What to look for in a good cut of beef.
Don’t know the difference between a short rib and a rib eye? Well you’re in luck, because we’re going to answer the age-old question of 'where’s the beef?'
At Vande Rose Farms Meat & Fish in Granite Bay, manager Mark Stewart is able to decode the sometime difficult language of beef to find the best cuts for his customers. He says once you know what to look for, finding the freshest cuts isn’t that hard.
Stewart says that just like produce you need to know what to look for in a good cut of beef. Along with a nice red color that indicates freshness, also look for fat around the edges that should be white to ivory in color and firm to the touch. Fat around the meat adds flavor and protects the meat from becoming dry during cooking. Fat also is a factor in the grading of beef—specifically the marbling.
“On beef items you basically want to look for nice marbling throughout,” said Stewart. “That’s what’s going to give you a really nice rich flavor.”

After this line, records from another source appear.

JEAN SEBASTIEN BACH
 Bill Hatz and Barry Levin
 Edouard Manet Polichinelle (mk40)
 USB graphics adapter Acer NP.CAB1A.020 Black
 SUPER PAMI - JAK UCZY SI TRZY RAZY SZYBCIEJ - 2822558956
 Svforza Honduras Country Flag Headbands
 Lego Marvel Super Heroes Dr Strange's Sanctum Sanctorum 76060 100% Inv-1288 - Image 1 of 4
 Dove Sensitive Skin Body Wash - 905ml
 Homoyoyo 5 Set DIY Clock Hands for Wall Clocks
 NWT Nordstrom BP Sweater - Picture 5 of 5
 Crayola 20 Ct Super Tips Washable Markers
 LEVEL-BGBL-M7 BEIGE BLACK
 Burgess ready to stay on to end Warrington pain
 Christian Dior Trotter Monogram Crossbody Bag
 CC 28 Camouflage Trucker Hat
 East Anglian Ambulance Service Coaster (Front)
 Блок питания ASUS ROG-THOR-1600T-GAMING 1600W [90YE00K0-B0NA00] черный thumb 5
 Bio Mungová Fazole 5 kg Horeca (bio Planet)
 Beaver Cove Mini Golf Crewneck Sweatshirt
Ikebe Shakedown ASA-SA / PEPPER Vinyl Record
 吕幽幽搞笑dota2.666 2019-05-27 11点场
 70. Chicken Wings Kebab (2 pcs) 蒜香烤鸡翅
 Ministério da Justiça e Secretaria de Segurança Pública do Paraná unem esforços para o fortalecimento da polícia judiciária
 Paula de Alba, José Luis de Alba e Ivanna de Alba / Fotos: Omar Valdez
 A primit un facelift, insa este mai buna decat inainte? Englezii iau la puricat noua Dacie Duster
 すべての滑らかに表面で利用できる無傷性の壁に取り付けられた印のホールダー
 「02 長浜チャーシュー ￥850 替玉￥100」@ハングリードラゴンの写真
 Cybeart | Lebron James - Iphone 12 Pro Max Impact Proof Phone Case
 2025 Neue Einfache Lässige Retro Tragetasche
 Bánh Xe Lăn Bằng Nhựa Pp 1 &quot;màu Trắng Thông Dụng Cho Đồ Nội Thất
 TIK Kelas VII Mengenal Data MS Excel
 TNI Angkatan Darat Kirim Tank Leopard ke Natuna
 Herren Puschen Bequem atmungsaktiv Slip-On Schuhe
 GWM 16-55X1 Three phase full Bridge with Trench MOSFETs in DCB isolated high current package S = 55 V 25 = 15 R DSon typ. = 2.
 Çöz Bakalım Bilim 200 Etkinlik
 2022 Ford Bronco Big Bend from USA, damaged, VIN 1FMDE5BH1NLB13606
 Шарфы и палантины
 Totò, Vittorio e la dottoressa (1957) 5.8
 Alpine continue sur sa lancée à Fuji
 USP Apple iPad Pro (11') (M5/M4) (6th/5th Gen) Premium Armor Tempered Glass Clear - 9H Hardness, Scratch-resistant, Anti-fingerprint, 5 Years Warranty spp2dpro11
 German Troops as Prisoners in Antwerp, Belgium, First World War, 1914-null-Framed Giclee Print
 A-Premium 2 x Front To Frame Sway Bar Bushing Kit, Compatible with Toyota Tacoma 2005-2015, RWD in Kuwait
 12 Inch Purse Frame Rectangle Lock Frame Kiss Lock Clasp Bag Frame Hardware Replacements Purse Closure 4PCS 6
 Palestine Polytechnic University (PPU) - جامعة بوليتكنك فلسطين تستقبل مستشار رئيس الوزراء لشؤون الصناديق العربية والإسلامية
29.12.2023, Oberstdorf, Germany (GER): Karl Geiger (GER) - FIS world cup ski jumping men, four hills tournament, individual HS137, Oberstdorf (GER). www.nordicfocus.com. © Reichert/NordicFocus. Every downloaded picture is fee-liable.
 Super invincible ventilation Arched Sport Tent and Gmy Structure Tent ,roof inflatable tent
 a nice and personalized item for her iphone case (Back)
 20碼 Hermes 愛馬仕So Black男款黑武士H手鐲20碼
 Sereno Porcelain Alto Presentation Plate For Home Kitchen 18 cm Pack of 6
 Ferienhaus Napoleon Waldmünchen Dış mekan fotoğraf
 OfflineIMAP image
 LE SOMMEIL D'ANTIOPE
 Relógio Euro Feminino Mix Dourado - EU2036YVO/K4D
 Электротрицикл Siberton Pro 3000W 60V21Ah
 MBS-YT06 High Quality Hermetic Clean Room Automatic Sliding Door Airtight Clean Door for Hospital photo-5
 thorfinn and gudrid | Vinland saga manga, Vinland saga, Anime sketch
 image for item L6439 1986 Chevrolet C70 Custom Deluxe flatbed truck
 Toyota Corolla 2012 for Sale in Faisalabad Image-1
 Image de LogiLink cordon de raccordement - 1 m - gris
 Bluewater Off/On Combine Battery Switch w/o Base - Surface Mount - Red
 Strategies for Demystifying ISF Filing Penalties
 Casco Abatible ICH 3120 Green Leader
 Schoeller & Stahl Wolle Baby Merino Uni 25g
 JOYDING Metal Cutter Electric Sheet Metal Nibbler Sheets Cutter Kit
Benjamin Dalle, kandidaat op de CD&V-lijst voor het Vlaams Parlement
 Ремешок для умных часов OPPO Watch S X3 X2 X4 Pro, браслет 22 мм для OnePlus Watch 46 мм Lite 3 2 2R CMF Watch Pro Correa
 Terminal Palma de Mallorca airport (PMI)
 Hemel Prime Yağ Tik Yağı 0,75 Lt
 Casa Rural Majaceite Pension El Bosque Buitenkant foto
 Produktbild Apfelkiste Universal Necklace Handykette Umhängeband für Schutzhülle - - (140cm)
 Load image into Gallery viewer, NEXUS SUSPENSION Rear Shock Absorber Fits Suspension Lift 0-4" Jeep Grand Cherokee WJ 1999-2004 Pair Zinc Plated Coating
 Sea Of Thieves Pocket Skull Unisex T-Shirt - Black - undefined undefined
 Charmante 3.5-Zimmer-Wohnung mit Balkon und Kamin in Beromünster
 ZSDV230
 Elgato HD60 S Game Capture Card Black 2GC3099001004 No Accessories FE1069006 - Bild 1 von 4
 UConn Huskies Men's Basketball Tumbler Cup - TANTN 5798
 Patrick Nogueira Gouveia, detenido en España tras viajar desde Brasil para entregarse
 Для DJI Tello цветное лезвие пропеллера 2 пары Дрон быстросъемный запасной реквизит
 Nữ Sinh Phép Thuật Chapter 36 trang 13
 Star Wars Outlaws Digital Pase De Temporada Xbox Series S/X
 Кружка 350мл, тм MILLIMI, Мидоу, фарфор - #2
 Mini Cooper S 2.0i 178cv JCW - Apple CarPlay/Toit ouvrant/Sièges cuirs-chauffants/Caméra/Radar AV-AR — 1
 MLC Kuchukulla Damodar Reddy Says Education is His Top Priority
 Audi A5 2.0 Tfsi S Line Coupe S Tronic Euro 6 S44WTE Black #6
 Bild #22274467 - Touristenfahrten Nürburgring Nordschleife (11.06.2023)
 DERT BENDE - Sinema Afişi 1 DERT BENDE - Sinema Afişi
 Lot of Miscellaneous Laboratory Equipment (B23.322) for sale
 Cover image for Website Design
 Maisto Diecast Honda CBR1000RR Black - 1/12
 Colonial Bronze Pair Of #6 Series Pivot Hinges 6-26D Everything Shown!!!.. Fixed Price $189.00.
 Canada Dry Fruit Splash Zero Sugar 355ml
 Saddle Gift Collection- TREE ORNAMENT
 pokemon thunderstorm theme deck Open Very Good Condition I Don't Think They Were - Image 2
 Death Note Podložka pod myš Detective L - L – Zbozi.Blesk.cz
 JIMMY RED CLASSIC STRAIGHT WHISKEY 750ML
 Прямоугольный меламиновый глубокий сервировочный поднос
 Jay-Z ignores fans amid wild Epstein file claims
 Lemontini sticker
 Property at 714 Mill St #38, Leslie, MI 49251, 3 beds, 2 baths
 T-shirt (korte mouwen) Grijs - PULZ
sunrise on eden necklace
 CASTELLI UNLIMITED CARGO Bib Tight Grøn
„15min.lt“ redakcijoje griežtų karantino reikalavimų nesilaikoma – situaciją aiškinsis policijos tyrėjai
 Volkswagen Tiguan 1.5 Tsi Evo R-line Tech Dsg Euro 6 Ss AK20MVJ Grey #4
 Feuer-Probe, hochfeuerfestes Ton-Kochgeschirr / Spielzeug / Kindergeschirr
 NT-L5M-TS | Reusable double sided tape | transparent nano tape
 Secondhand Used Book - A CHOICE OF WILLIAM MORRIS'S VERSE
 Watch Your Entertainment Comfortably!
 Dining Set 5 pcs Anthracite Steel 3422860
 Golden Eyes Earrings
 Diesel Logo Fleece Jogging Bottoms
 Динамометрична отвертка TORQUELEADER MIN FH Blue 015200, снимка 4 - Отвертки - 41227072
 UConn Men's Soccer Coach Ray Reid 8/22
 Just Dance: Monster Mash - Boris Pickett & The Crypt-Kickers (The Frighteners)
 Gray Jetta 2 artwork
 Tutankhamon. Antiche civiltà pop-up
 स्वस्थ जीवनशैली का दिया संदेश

More marbling equals more tender and flavorful beef. And for those of you still unsure—prime grade has the most marbling and is the most flavorful, choice Grade has less marbling and select grade has even less and therefore needs a marinade to tenderize and help make the meat more flavorful.
Knowing what the best cuts of beef are is only part of equation to the perfect meal—the other part is cooking it up. At Sacramento’s Roxy Restaurant, executive chef Danny Origel serves up a variety of beef on his menu, that he has affectionately says has “a modern cowboy cuisine” to it.
Origel recommends allowing two minutes per side for each piece of meat. Then comes his kitchen secret—finishing off the meat in the oven. He says this process lets the seasoning permeate into the meat and gives you a tender flavorful fillet. Cook at 400 degrees for about 10 minutes then remove and let the meat rest for a few minutes before serving it up.